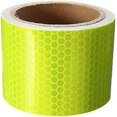 thumbnail image 1 of 10ft Fluorescent Yellow Reflective Safety Warning Conspicuity Tape Film Sticker, 1 of 5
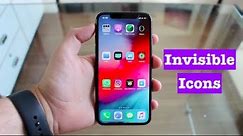 How To Create Invisible Apps on iPhone/iPad Home Screen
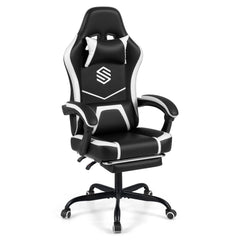 Gaming Chair Height Adjustable Computer Chair with Headrest Ergonomic Office Task Chair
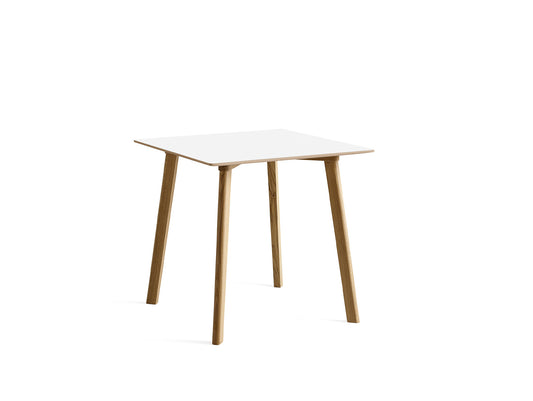 Copenhague Deux Table CPH 210 by HAY -  75x75 cm /  Lacquered Oak (Water-Based) / Pearl White Laminate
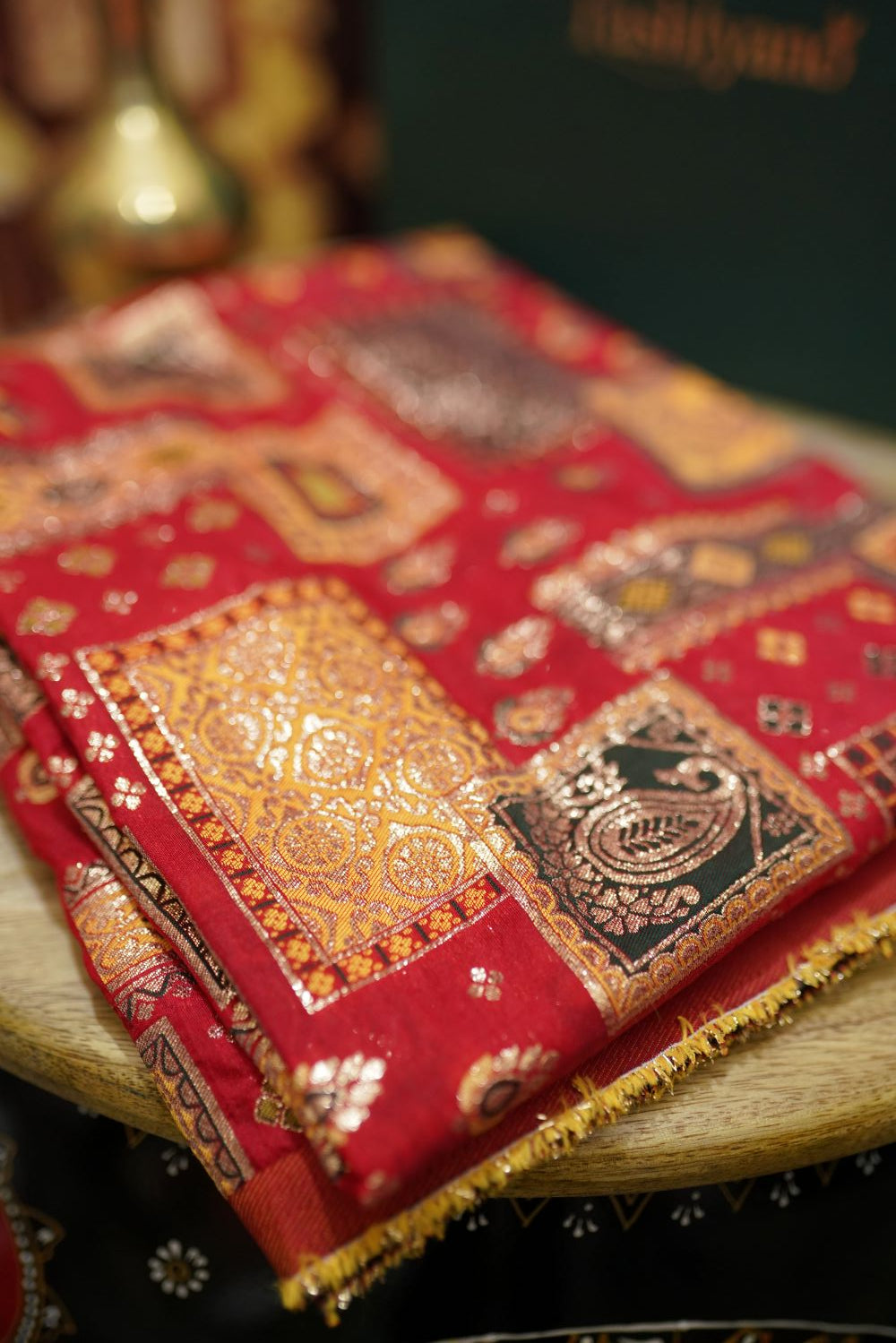 Brocade Silk Dupatta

#### [Aim of the exercise]
Every record, from top to bottom, gets written out exactly; no picture goes into the copy.

#### [Task solution]
 thumbnail image 1 of 10ft Fluorescent Yellow Reflective Safety Warning Conspicuity Tape Film Sticker, 1 of 5
 How To Create Invisible Apps on iPhone/iPad Home Screen
 Gaming Chair Height Adjustable Computer Chair with Headrest Ergonomic Office Task Chair
 Copenhague Deux Table CPH 210 by HAY -  75x75 cm /  Lacquered Oak (Water-Based) / Pearl White Laminate
 Brocade Silk Dupatta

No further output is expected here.